We are in a strangely interesting time, no doubt. Different predictions, assumptions have been suggested as the effects and aftermath of the Covid-19 on the world. The family, as an institution, is not spared from some of these. These include a closer- or closely-knit family life, another baby boom era, higher rate of divorce, increase in marital/spousal abuse, more child delinquencies and even death in the family.
Objective of the Discuss
To enlighten and remind families of how to safeguard their relationships from adverse effects of the Pandemic.
The Pandemic & The Real Problem
The Coronavirus erupting in Wuhan, China did not stop at been a peculiar problem in China but became a global problem. In order to curtail it, it is believed that self-quarantine or lockdown in one’s home is to be in immediate effect.
However, this stirred up a long existing but unnoticed pandemic in the fabric of family and society; this is the “me-first” syndrome breeding a society of self-centered individuals, even in the family setting. Thus, the real problem is that many homes are already broken up into the co-habitants situation but unknown and undetected until spouses and children have to spend more time than ever with one another and the lapses are revealed.

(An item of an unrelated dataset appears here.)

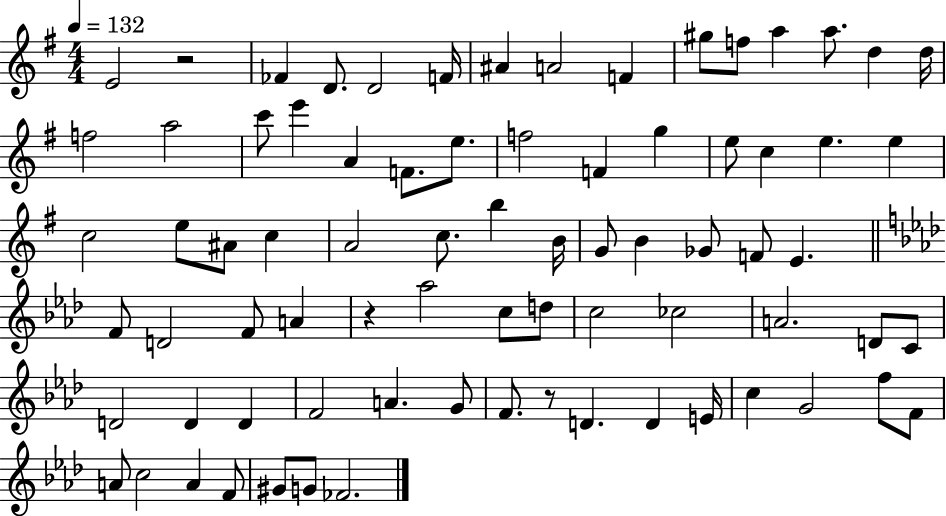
E4/h R/h FES4/q D4/e. D4/h F4/s A#4/q A4/h F4/q G#5/e F5/e A5/q A5/e. D5/q D5/s F5/h A5/h C6/e E6/q A4/q F4/e. E5/e. F5/h F4/q G5/q E5/e C5/q E5/q. E5/q C5/h E5/e A#4/e C5/q A4/h C5/e. B5/q B4/s G4/e B4/q Gb4/e F4/e E4/q. F4/e D4/h F4/e A4/q R/q Ab5/h C5/e D5/e C5/h CES5/h A4/h. D4/e C4/e D4/h D4/q D4/q F4/h A4/q. G4/e F4/e. R/e D4/q. D4/q E4/s C5/q G4/h F5/e F4/e A4/e C5/h A4/q F4/e G#4/e G4/e FES4/h.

Guiding Principles to Safeguarding Family Life
• Get the Foundation Right: God’s plan in setting up the home is for unity, and expression of intimate relationship with another person with whom one raises godly offspring when added to the family.
• Work on motivations for each member of the family: men thrive when respected, women when loved and children when understood and shown example (Eph 5:23; 25; 6:4)
• Safeguarding is something that begins right from the beginning of the relationship, ever before a pandemic or any crisis whatsoever. Thus, commitment must drive the relationship to growth as it changes while the relationship continues to change as it grows. i
• Achieving spiritual intimacy is crucial to a secure family life. This is defined as the joyful union experienced when two people learn to relate to God and see Him work in their lives in a very practical and specific ways. It is something transcending social, sexual or mutual aspect of the marital life.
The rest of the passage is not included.